There are many reasons not to wear a belt with a suit:
- A belt breaks the visual flow from the coat to the trousers, especially on a lighter-coloured suit. A suit should be a unified garment.
- A belt buckle disrupts the line of a closely fitted suit coat.
- A belt buckle creates a lump under a waistcoat on a three-piece suit.
- Trousers will sag during the day with a belt and need to be pulled up.
Only braces can truly solve problem 4 by suspending the trousers at a consistent height relative to the shoulders, but the other three problems can be solved with side adjusters. Side adjusters will still help for problem 4 because they don’t weigh down the trousers like a belt does. By the 1950s it was common for English tailors to make trousers with an adjustable waistband system to take the place of braces, and there are a number of different types of waistband adjusters.
Sean Connery’s Anthony Sinclair suits all featured “DAKS tops,” originally made by Simpson’s of Piccadilly. The name is a portmanteau of “Dad” and “slacks.” The style has buttoning tabs on the sides, connected with hidden elastic across the back. One drawback to this is that the adjusters can only be tightened to where the buttons are placed, though the elastic helps for a snug fit. There are usually two or three buttons—often of mother of pearl—on each side, and Connery used one of the buttons on the left to secure his shoulder holster. Roger Moore also wore this style on his Cyril Castle suit trousers in Live and Let Die.

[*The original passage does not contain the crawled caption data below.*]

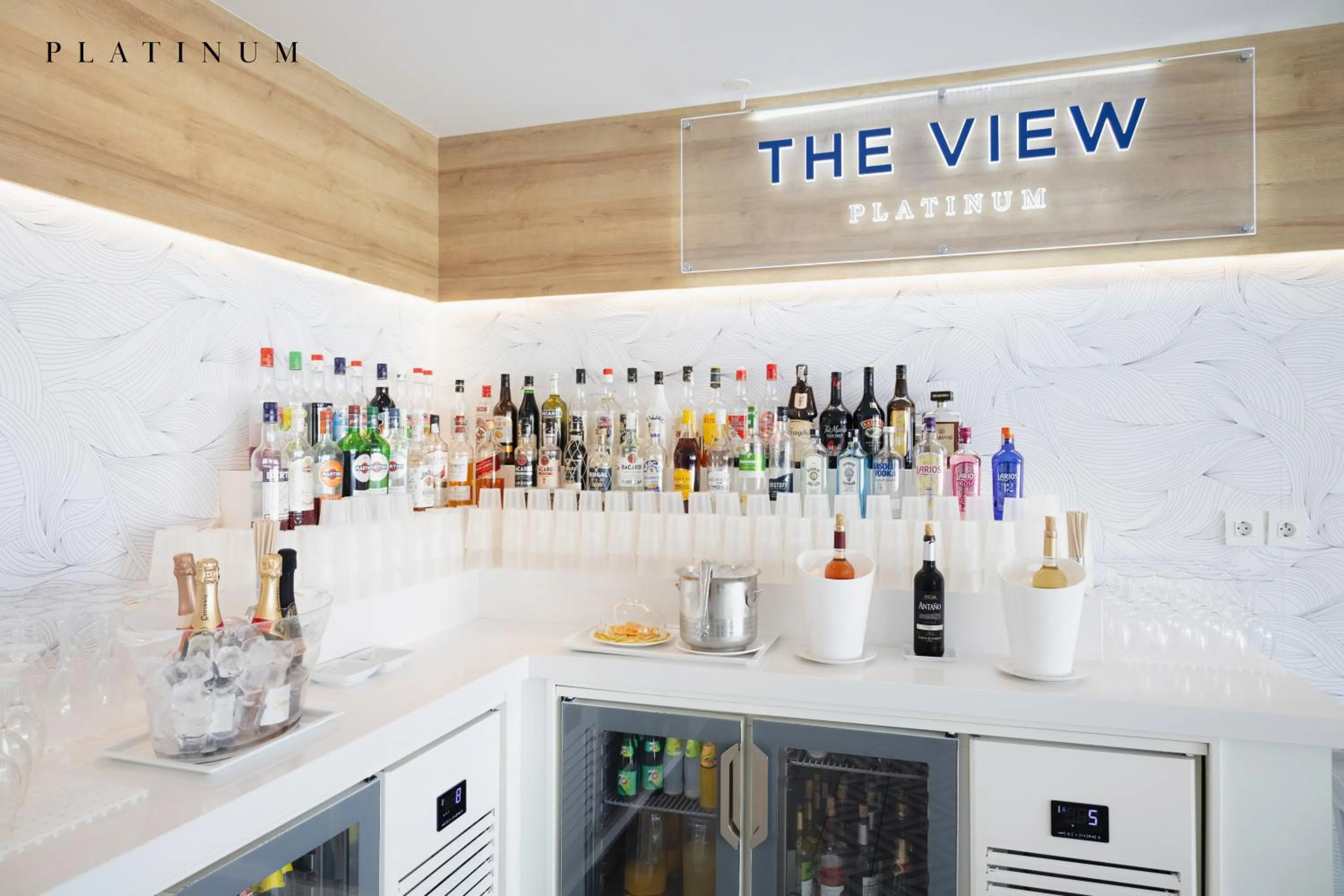 Lounge or bar in Landmar Playa La Arena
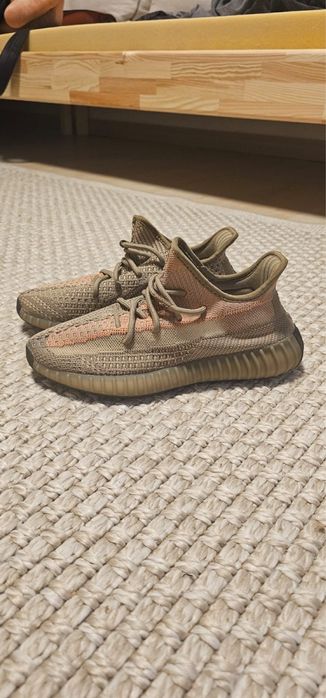 Adidas Yeezy Boost 350 V2 Sand Taupe.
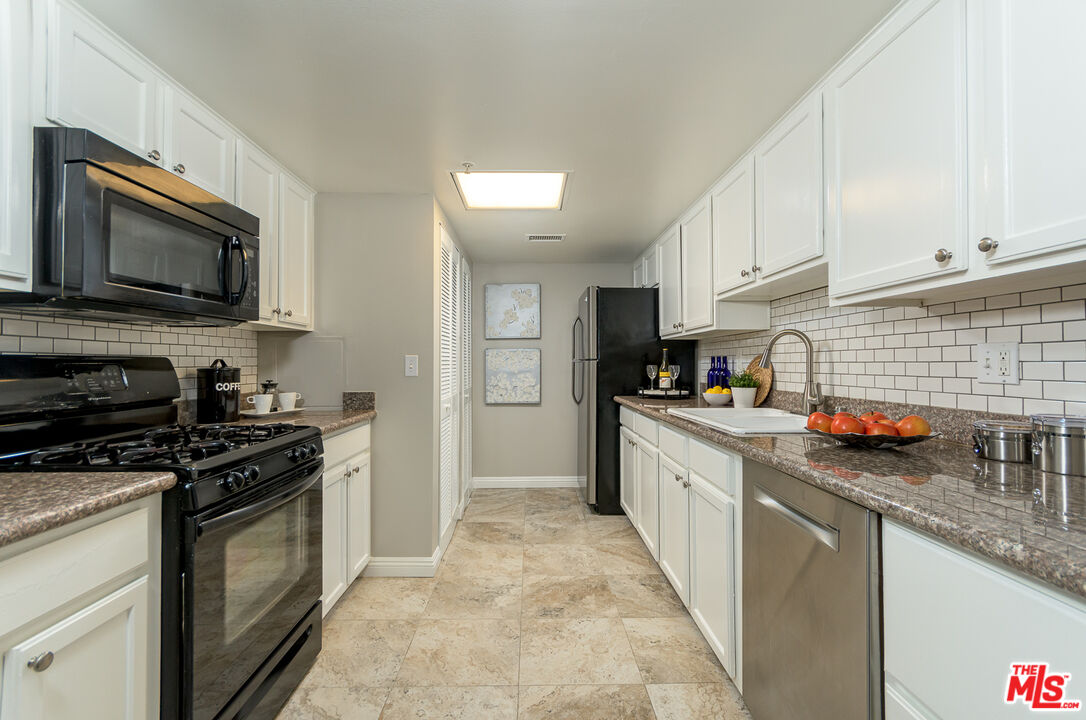 11124 Burbank Blvd Unit: 308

Daniel Craig introduced another classic trouser adjuster style to the Bond series with his Tom Ford suits in Quantum of Solace. The Tom Ford side adjusters are two strips of cloth brought together with a slide buckle, though a more casual variation can be found that uses D-rings. As opposed to button-tabs, this style allows for an exact adjustment.
Other styles of side adjusters exist, such as a waistband that expands and contracts with a locking zip fastener. There are also adjusters that look like DAKS tops but don’t have elastic across the back, and thus they do not function as well.